As for probation officers, it was not that they did not return your phone calls. It was that, because their voice mails were always full, you could not leave a message to begin with.

Many of the prosecutors were young people right out of law school who were intent on making a reputation securing misdemeanor convictions. Standing next to one particularly ambitious assistant district at preliminary hearings so that I could look over her shoulder at her file, I was able to catch her many times making misrepresentations to the court.

It is very different in D.C.  Mani Golzari is a former colleague who is now a supervisor at the D.C. Public Defender Service (PDS). We came down to D.C. around the same time and we used to love to compare our respective experiences. The difference was remarkable. It is not only that judges here take the bench on time, are patient and respectful of our clients, and know and apply the law; that probation officers seem to genuinely care about our clients; and that court staff are professional, efficient and respectful of everyone in the room. It is also that higher quality legal assistance leads to more satisfied clients. Without the acrimony and suspicion, these clients who are much easier to deal with. More importantly, you get better results on their behalf.

This is a simple question of the level of resources devoted to indigent criminal defense in the two jurisdictions.
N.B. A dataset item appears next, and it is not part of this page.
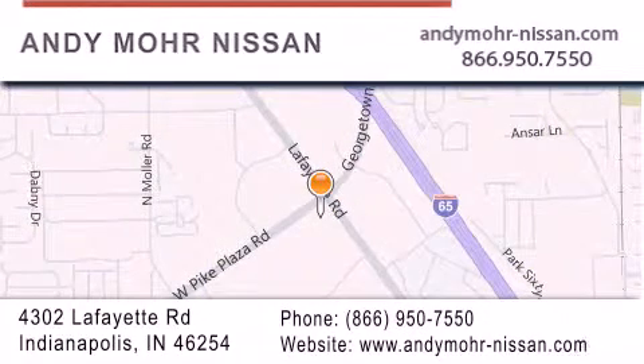You can search our new and used car inventory online, get new car pricing, and receive free no-obligation price quotes. Stop by and visit us today at 4302 Lafayette Road in Indianapolis, or see us online at andymoore-nissan.com.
The public defender’s office in Philadelphia uses a “horizontal” system of representation. One lawyer represents the defendant at the preliminary hearing, another represents them at arraignment, and two or three different lawyers might be assigned to their cases during trial depending on how many times the case is continued. Each time the client has a court appearance in a felony case, a different lawyer will show up at the jail to interview him or her. Who are you, the client wants to know. And what happened to the last lawyer who represented me?
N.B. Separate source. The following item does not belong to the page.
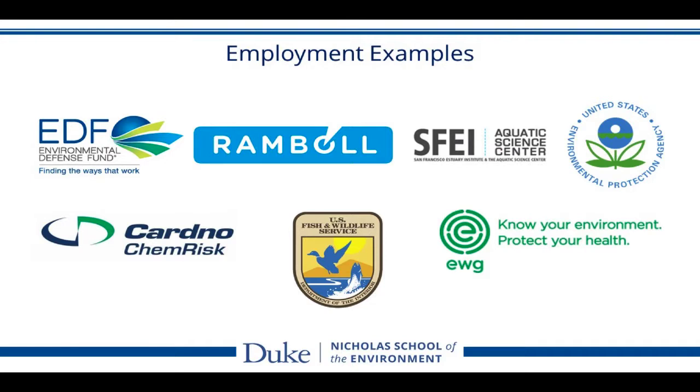Our graduates find jobs in various sectors. In the private sector, most consulting firms do health risk assessment. NGOs such as the Environmental Defense Fund provide policy analysis. In the governmental sector, agencies like the U.S. EPA — which has one of the largest research facilities in the Research Triangle Park area — as well as U.S. Fish and Wildlife Services and the Aquatic Sciences Center, are among the various employers in the area and across the nation.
To use a basketball analogy, it is a zone defense as opposed to man-to-man.

It is not that the Philly defender believes that a horizontal system achieves better results on behalf of the client than a system in which the same lawyer represents the client throughout the life of the case – “vertical representation”.   It is that with the woefully inadequate resources that are devoted to indigent defense in Philadelphia, the defender has no alternative. It is too inefficient to have different lawyers going to multiple court rooms to handle all their cases. Instead, one or two public defenders assigned to a particular room handle all of the cases that come through.

As a result, apart from the problems you have with confused clients who are often meeting the lawyer who will be representing them on the same day as trial, you get different inefficiencies.   I used to re-assure angry clients that it is good to have multiple lawyers looking at the same case. One might see something that another has missed. But who was I kidding?
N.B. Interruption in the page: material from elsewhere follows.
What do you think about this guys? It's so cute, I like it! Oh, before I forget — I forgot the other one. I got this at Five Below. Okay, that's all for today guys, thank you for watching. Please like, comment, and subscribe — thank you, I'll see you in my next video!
It is, after all, incredibly inefficient to lots of different public defenders preparing for cases that are often continued. This meant that the public defender who had the case continued would have to write up his/her notes so that another public defender could begin his/her preparations. And, of course, a system is only as good as the people who administer it. I sometimes felt that I spent as much time tracking down lost files or re-creating them from scratch as I did actually preparing cases for trial.

I have crowed here many times about what a class organization PDS is. It is true: In the seven years I have practiced in the District, I have never encountered a public defender I did not think was first-rate.   But it is not only the higher quality of lawyers PDS is able to attract (they never would have hired someone like me straight out of law school). It is also that the District devotes the resources that PDS needs. Using a system of vertical representation, public defenders here have the time and support they need to prepare for their cases. So do court-appointed lawyers. And this leads to happier clients who can expect better results.